Every week, it seems, I hear a constant refrain: “(fill in the blank with Israel’s illegal actions) is (destroying/undermining/hindering) the peace process.” Though I scour the news every day, I’ve started to believe that maybe I was missing something. Is there really a peace process going on that I don’t know about?
I’m sure that I am not the only person who has this question, particularly after reading all of the Western accounts of Palestine these days. From US officials to influential journalists we Palestinians hear about just how “great” Palestine is these days, with a purportedly booming economy and transparent leadership. But then reality hits; just as it has all this week (and every week) in Palestine, as we continue to live under an unending occupation and racism while the world looks at economic indicators as signs of progress. So here is an (incomplete) run down of just some of Israel’s actions since January 1st – acts that cannot be “undone” by the opening of new café or chic restaurant in Ramallah:
• The Israeli army killed Jawaher Abu Rahmah of Bilin by firing tear gas at her during the weekly demonstrations in Bilin in protest of Israel’s illegal wall. Her brother, Bassem, was killed two years earlier when a tear gas canister hit him in the chest.
• The Israeli army killed 66-year old Omar Salim Qawasmi of Hebron after firing 13 bullets in his head.
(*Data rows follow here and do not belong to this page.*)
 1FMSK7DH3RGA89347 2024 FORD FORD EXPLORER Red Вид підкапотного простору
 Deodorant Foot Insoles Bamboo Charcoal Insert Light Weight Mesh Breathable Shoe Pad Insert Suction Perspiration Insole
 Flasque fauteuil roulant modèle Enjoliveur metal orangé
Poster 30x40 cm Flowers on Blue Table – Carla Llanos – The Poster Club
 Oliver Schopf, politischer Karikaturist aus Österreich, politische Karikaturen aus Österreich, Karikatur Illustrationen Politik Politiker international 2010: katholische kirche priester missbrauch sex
Israeli military officials later claimed that it was a case of “mistaken identity.”
• The Israeli army killed 25-year old Khaldoun Sammoudi of Al-Yamun.
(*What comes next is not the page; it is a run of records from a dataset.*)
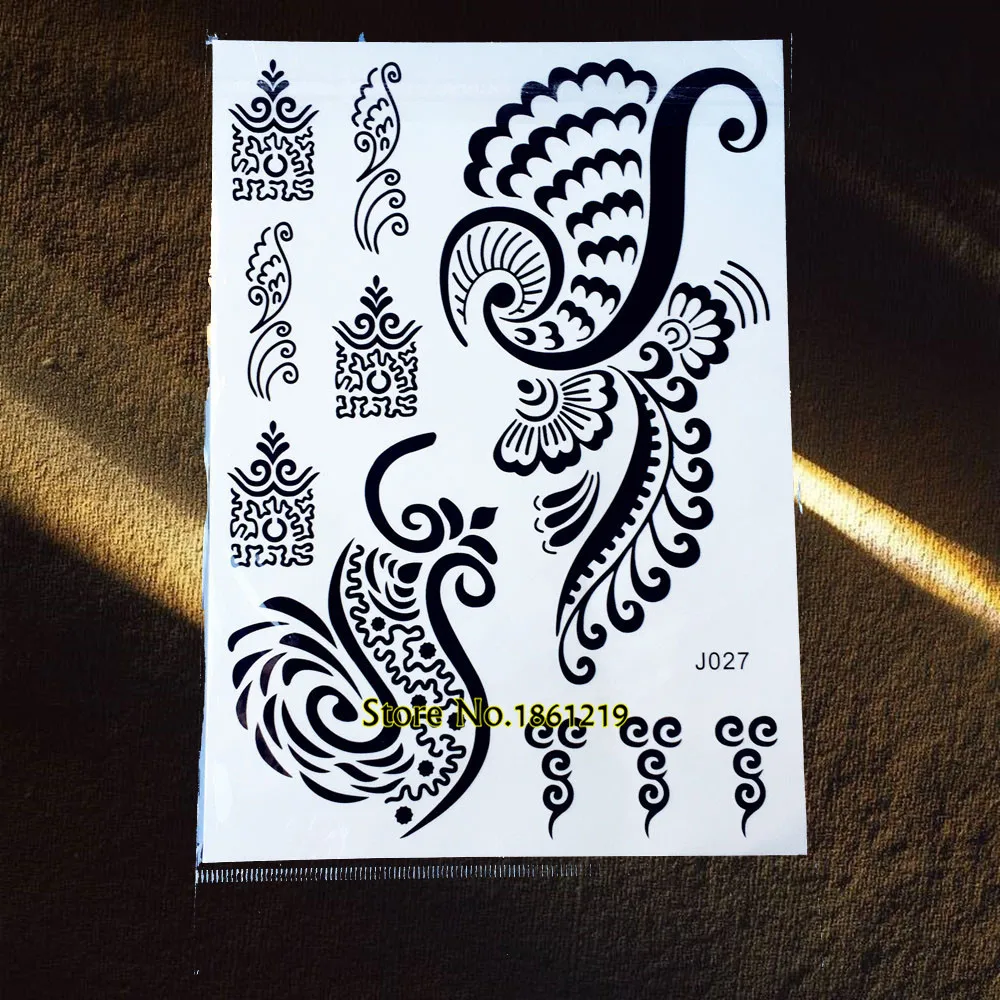 25 стиль новые черные мандалы цветок рука Временные татуировки водонепроницаемый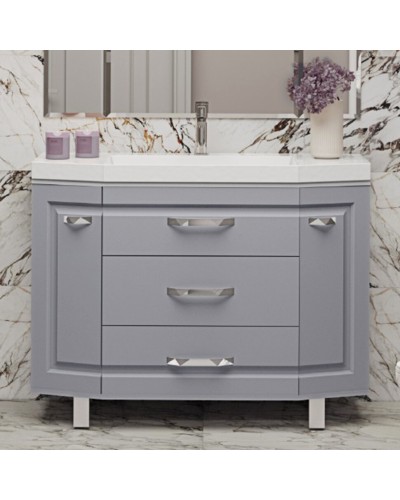 Терра -110 Тумба серая с 3 ящ. / раковина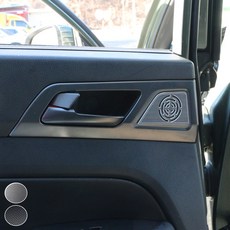 [모터스파이] KGM 호환 렉스턴 스포츠 칸 2열 도어캐치 전면 도어스피커형 알루미늄 커버, 2열스피커(카본)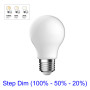 ENERGETIC Standard Step-dim LED E27-A60 4.9W Equiv.60W 2700K (Branco Quente)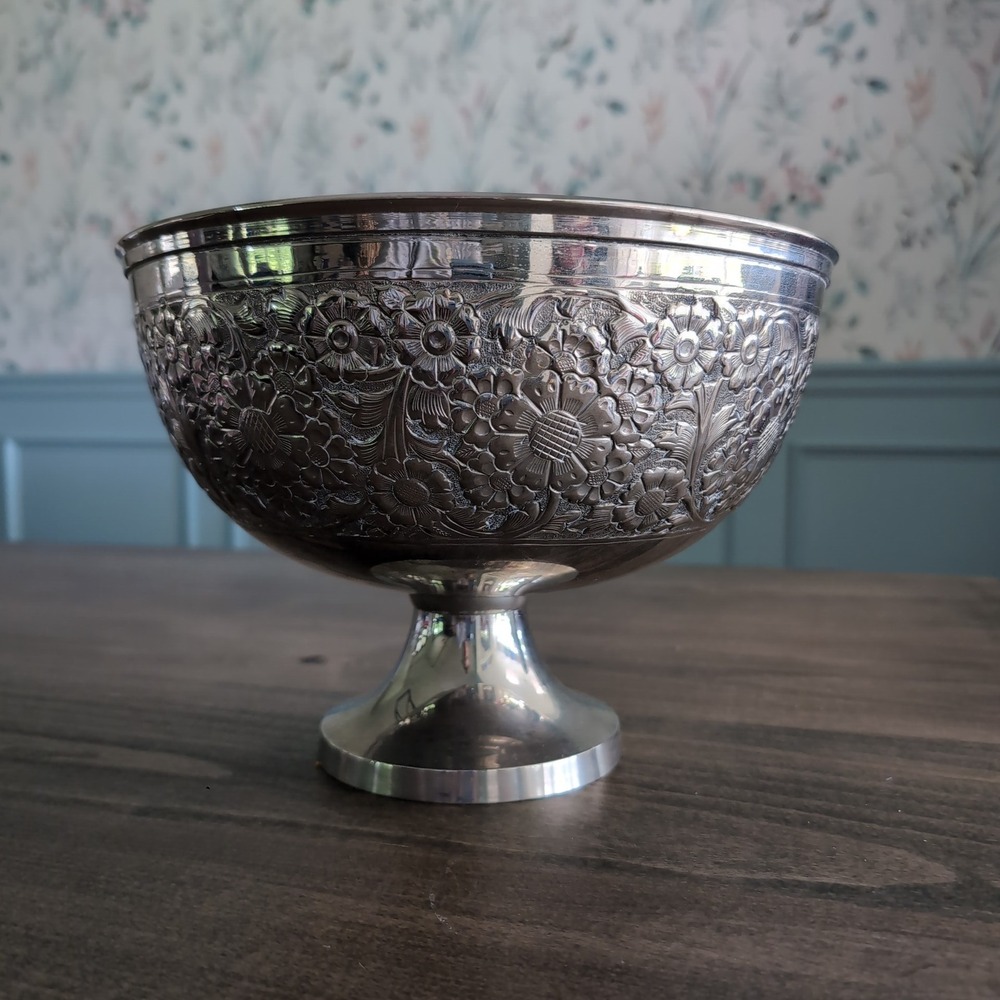 EPNS Floral Embossed Pedestal Bowl Silver Made in India Large Ornate Centerpiece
• The Israeli army killed 21-year old Ahmad Maslami of Jenin after riddling him with bullets.
• The Israeli army kills 2 Palestinians in the Gaza Strip in the Israeli-defined “buffer zone”.
• The Israeli army demolishes part of the Shepherd Hotel to make way for the construction of a 20-unit, Israeli-only illegal colony. (More on this later).
The response by the international community is now part of the same “peace process” refrain. EU foreign policy chief Catherine Ashton chimed: “[There is] no alternative to a negotiated deal” while US Secretary of State Clinton sings the demolition “undermines peace efforts to achieve the two state-solution.” Absent from the refrain is one word: occupation. Why? Because the “peace process” is not designed to address the occupation; it is designed to give us the semblance of forgetting it. Instead of focusing on real issues – demolitions, executions, land theft, Jewish-only roads and housing, deportations, imprisonment and so on – the peace process asks us to focus on the ethereal – borders, security regimes, trade agreements and so on. In the Clinton/Ashton world, there is no occupied or occupier; no right and no wrong; no legal or illegal; just a “peace process” that is “undermined” or “hindered.”